Ne demek istiyor sizce?
Sabah, 19 nisan
*
GÖĞÜSLERE ESTETİK diye bir ‘toparlama’ yapmış Müge Dağıştanlı.
Tülin Şahin silikonlarını yeniletmiş, Ayşegül Dinçkök göğüslerini dikleştirmiş ve Pınar Altuğ ‘3.kez göğüslerini küçültecek’miş.
3.kez göğüslerini küçültecekmiş... Orijinal malzeme sağlammış demek ki !.. J
Posta, 20 nisan
*
EN İYİ LOKANTA İNGİLİZSE BEN DE ŞEKSPİR’İM
500 şef ve gastronomi uzmanı Restaurant Dergisi için ‘dünyanın en iyi 50 lokantasını’ belirlemiş.

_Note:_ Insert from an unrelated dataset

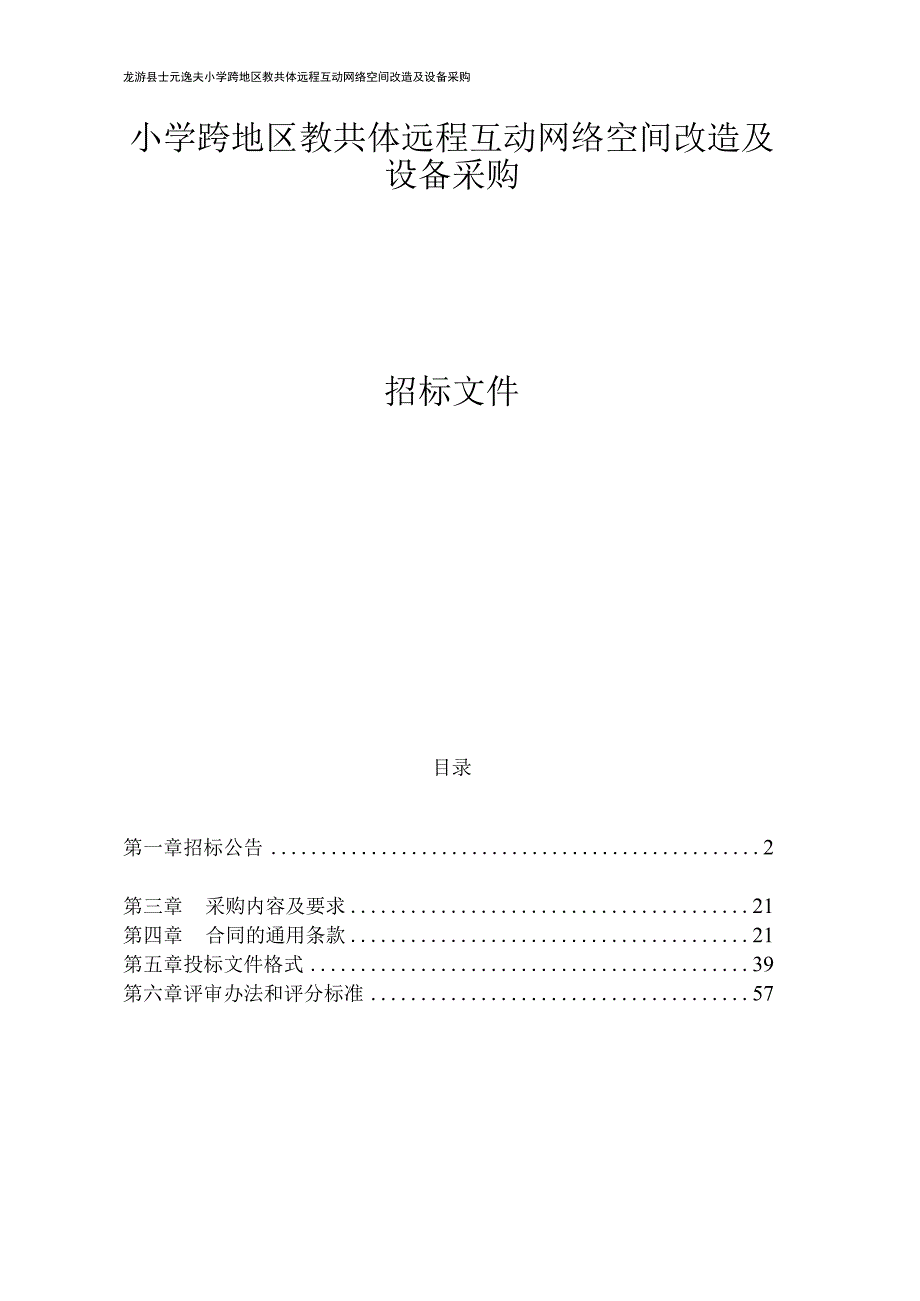 小学跨地区教共体远程互动网络空间改造及设备采购招标文件.docx_第1页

En iyi 50 lokantanın... 13’ü İNGİLİZ’miş.
Birinci de öyle...
Ya ben yemekten anlamıyorum, ya bu şefler...
Milliyet, 20 nisan
*
NAHOŞ BİR JEST
Kubilay Keskin çok yapılan bir hatayı tekrarlıyor:
“... gibi CD’lerle misafirlerine hoş bir jest yapmak istemiş ve amacına ulaşmıştı!”
‘Hoş olmayan’ jest olmaz zaten...
Kelebek, 20 nisan
*
YAZIK BU SEYİRCİYE
ATV’de yayımlanan Beyin Fırtınası diye bir program var, zaten Nazlı Ilıcak, Oral Çalışlar ve Mehmet Barlas üçlüsü sunuyor, bu Perşembe akşamı da ... Reha Muhtar’ı ağırlamazlar mı!

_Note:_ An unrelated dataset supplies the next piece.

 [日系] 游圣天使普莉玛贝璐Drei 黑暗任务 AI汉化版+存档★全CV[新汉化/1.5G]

Etmeyin, yapmayın, seyirciye bu kadar eziyet niye? J
ATV, 21 nisan
*
NE GÜZEL BİR CÜMLE KURMUŞ
Ödül Rekortmeni Magazin Gazetecisi labelli Müge Anlı’dan bir güzel ‘magazince’ haber metni, Türk Dil Kurumu Ödülü adayı:
‘Nez’le ilişkisini noktalayan Davut Güloğlu, ayrılığın ardından şimdilerde günlerini stüdyoda sabahlayarak geçiriyor’!
Vatan-34, 20 nisan
*
BANA ŞÖYLE BİR AŞK İLAN EDEN OLMADI ANASINI SATAYIM
Papatya’nın Aşk Günlü köşesinde, NİKO’nun LEVO’ya yazdığı aşk ilanı:
‘Hani bir kelebek yakalarsın avucunun içinde. Sonra bakmak, görmek istersin yaşıyor mu diye. Baksan kaçacak, sımsıkı tutsan ölecek. İşte böyle bir şey seni sevmek...’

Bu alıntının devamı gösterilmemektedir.